But the case points to wider issues embedded in the rapid rise of Gulf centers such as Dubai and Qatar’s capital of Doha, host for the 2022 World Cup. These cities’ cosmopolitan ambitions are often at odds with the tug of traditional views on sex and alcohol.

Nowhere in the region are the two sides more in potential conflict than Dubai, where the expatriate workforce outnumbers locals 5 to 1 and millions of tourists arrive each year with high-end fun on their minds.

Most foreign residents and visitors coast through Dubai’s relatively tolerant lifestyle. Women in full Islamic coverings shop alongside others in miniskirts, and liquor flows at resorts and restaurants. Yet once authorities determine a legal line has been crossed, it’s often difficult and bewildering for the suspects.

Dalelv, in Dubai for a business meeting, said she told police in March that she was raped by a co-worker after a night that included cocktails. She was held in custody for four days and sentenced last week for illicit sex outside marriage and alcohol consumption — which is technically illegal without a proper license, but the rule is rarely enforced.

The alleged attacker, a 33-year-old Sudanese man, was charged with the same offenses and received a 13-month sentence. He was also cleared by a pardon, according to Dalelv.

Rape prosecutions are complicated in the United Arab Emirates because — as in some other countries influenced by Islamic law — conviction requires either a confession or the testimony of adult male witnesses.

In a twist that often shocks Westerners, allegations of rape can boomerang into illegal sex charges against the accuser. In 2008, an Australian woman said she was jailed for eight months after claiming she was gang-raped at a hotel.
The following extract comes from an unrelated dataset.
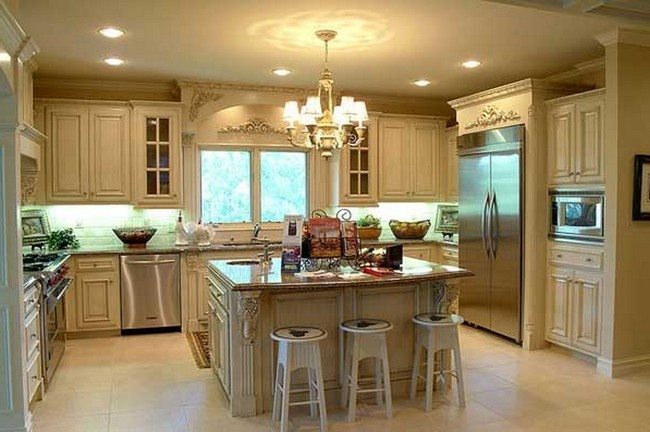 interior-cream-wooden-kitchen-island-with-brown-counter-top-and-white-wooden-stools-plus-white-wooden-cabinet-on-the-cream-floor with metal fridge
Fears of sex-outside-marriage charges also lead some single domestic workers to abandon babies or seek back-room abortions.
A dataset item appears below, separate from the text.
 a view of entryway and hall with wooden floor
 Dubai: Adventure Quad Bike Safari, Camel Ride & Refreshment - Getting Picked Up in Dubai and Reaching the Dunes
Other, less serious, cases have also shed light on the tensions in Dubai. In 2009, a British couple was sentenced to one month each in prison after an Emirati woman claimed they engaged in an overly passionate kiss. Motorists have been convicted for a rude gesture in a moment of road rage.

‘‘I have my passport back. I am pardoned,’’ said Dalelv, who worked for an interior design firm in Qatar. ‘‘I am free.’’
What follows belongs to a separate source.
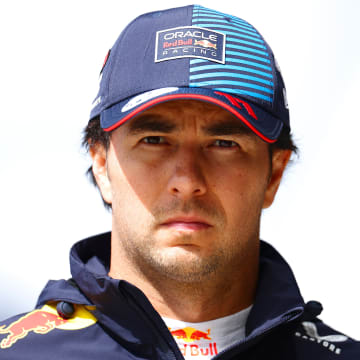 19th placed qualifier Sergio Perez of Mexico and Oracle Red Bull Racing walks in the Pitlane during qualifying ahead of the F1 Grand Prix of Great Britain at Silverstone Circuit on July 06, 2024 in Northampton, England.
A statement Saturday from Dalelv’s Qatar-based employer, Al Mana Interiors, said she was dismissed from her job after she ‘‘ceased communications’’ with the company following the alleged rape. But Thomas Lundgren, owner of The ONE, the Dubai company that franchises Al Mana, was quoted Monday by Arabianbusiness.com as saying the firing was ‘‘a mistake’’ and said she can return.

In Norway, Foreign Minister Espen Barth Eide told the Norwegian news agency NTB that media attention and Norway’s diplomatic measures helped Dalelv.

Norway also reminded the United Arab Emirates of obligations under United Nations accords to seriously investigate claims of violence against women.